Start of DATA FOR REVIEW
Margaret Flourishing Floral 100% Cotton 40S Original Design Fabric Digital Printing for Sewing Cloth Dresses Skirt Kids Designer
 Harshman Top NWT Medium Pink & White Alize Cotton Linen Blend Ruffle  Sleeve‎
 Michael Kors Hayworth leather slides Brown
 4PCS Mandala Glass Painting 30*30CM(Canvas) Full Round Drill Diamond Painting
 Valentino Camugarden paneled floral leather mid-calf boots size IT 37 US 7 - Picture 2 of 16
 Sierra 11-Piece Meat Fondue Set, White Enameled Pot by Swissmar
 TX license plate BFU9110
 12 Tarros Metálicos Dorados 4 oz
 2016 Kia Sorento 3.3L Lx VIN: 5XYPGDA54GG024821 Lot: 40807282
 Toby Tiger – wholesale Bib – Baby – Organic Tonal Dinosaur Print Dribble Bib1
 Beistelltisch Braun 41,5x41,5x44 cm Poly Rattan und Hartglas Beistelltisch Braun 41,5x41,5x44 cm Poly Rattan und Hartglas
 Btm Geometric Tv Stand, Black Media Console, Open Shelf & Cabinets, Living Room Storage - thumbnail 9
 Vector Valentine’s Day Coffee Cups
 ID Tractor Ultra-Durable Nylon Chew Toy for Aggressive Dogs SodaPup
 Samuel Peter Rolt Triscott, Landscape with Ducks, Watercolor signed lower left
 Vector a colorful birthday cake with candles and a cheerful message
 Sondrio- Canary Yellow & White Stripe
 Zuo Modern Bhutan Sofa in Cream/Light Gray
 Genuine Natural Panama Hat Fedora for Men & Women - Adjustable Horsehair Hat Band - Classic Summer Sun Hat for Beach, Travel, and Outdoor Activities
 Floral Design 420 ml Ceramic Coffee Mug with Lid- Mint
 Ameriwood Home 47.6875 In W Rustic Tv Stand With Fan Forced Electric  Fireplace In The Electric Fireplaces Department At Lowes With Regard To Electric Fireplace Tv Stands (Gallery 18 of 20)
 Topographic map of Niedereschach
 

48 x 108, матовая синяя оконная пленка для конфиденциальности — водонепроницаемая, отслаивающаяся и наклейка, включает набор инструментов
End of DATA FOR REVIEW
● WHAT YOU NEED TO DO
Give the records again, unchanged and complete.

● TASK ANSWER
Margaret Flourishing Floral 100% Cotton 40S Original Design Fabric Digital Printing for Sewing Cloth Dresses Skirt Kids Designer
 Harshman Top NWT Medium Pink & White Alize Cotton Linen Blend Ruffle  Sleeve‎
 Michael Kors Hayworth leather slides Brown
 4PCS Mandala Glass Painting 30*30CM(Canvas) Full Round Drill Diamond Painting
 Valentino Camugarden paneled floral leather mid-calf boots size IT 37 US 7 - Picture 2 of 16
 Sierra 11-Piece Meat Fondue Set, White Enameled Pot by Swissmar
 TX license plate BFU9110
 12 Tarros Metálicos Dorados 4 oz
 2016 Kia Sorento 3.3L Lx VIN: 5XYPGDA54GG024821 Lot: 40807282
 Toby Tiger – wholesale Bib – Baby – Organic Tonal Dinosaur Print Dribble Bib1
 Beistelltisch Braun 41,5x41,5x44 cm Poly Rattan und Hartglas Beistelltisch Braun 41,5x41,5x44 cm Poly Rattan und Hartglas
 Btm Geometric Tv Stand, Black Media Console, Open Shelf & Cabinets, Living Room Storage - thumbnail 9
 Vector Valentine’s Day Coffee Cups
 ID Tractor Ultra-Durable Nylon Chew Toy for Aggressive Dogs SodaPup
 Samuel Peter Rolt Triscott, Landscape with Ducks, Watercolor signed lower left
 Vector a colorful birthday cake with candles and a cheerful message
 Sondrio- Canary Yellow & White Stripe
 Zuo Modern Bhutan Sofa in Cream/Light Gray
 Genuine Natural Panama Hat Fedora for Men & Women - Adjustable Horsehair Hat Band - Classic Summer Sun Hat for Beach, Travel, and Outdoor Activities
 Floral Design 420 ml Ceramic Coffee Mug with Lid- Mint
 Ameriwood Home 47.6875 In W Rustic Tv Stand With Fan Forced Electric  Fireplace In The Electric Fireplaces Department At Lowes With Regard To Electric Fireplace Tv Stands (Gallery 18 of 20)
 Topographic map of Niedereschach
 

48 x 108, матовая синяя оконная пленка для конфиденциальности — водонепроницаемая, отслаивающаяся и наклейка, включает набор инструментов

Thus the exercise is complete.